I have spent the last five days traveling to and visiting Iguazú Falls in Argentina and Brazil. It was an 18 hour bus ride each way, but it the journey was more than worth it. The AC on the bus froze me a little, but other than that it was very bearable.
Iguazú was absolutely incredible. The trip ran very smoothly, I had so much fun, and saw the most beautiful sights I’ve ever seen in my life. The falls sit on the borders of Brazil and Argentina and we were fortunate enough to visit both sides!
I was absolutely in love with Iguazú. I haven’t been the biggest fan of Buenos Aires for a variety of reasons. I’ve never fallen in love with that city. I don’t hate it or anything, it just isn’t my favorite city in the world. There’s been times I felt like I made the wrong choice to come here because of that, but every time I travel a bit whether it be and hour outside of the city or 18 hours away, I feel better and better about my decision to come and truly think Argentina as a whole is a pretty incredible country.

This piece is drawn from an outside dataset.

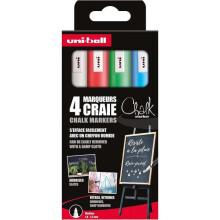 Flüssigkreide-Marker - Uni-Ball - Mittlere Spitzenart - Verpackung mit 4 - Wasserfest - Abwischbar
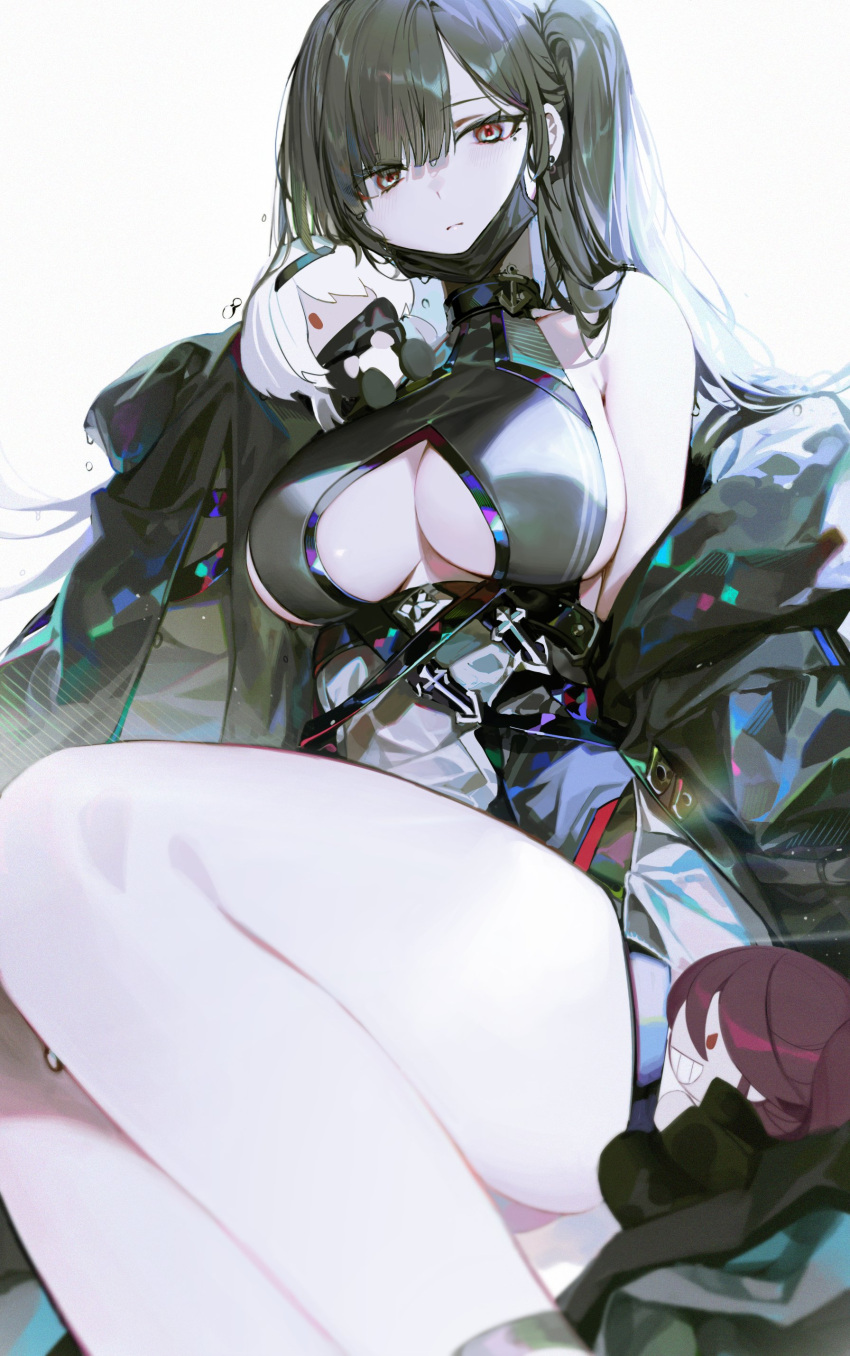 1girl absurdres azur_lane bare_shoulders black_hair black_jacket black_mask breasts character_doll chyan closed_mouth clothing_cutout colorado_(azur_lane) ear_piercing hair_between_eyes highres jacket large_breasts maryland_(azur_lane) mask mole mole_under_eye mouth_mask one_side_up open_clothes open_jacket piercing red_eyes simple_background solo thighs underboob underboob_cutout west_virginia_(azur_lane) west_virginia_(retrofit)_(azur_lane) white_background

I can feel my mind opening up and my world view changing, and it has to be one of the coolest things ever. Spanish has served as a connection to a place I had absolutely no prior connections to, and to begin to understand an entirely brand new culture and country. About a month ago, I was running late and feeling very flustered, but I needed a question answered by someone. They had noticed me speaking English with a friend from the US before we approached them. They asked me if I spoke English when my Spanish and just my brain in general was sort of failing me at the time because I was so flustered, and I was so flustered I said NO and then just continued speaking in Spanish! Um, oops? English is just my native language? However, it forced me to get my Spanish speaking act together. I had my question answered, and from a culmination of many circumstances similar to that one, I continue to see that making mistakes is the best way to learn. And I am grateful for the places knowing Spanish has been able to take me. Seeing how much more I have to learn really makes me want there to go out there and do it. I’ll continue taking Spanish classes when I get back to AU, but I think I’d really like to live in a Spanish speaking country again sometime after college.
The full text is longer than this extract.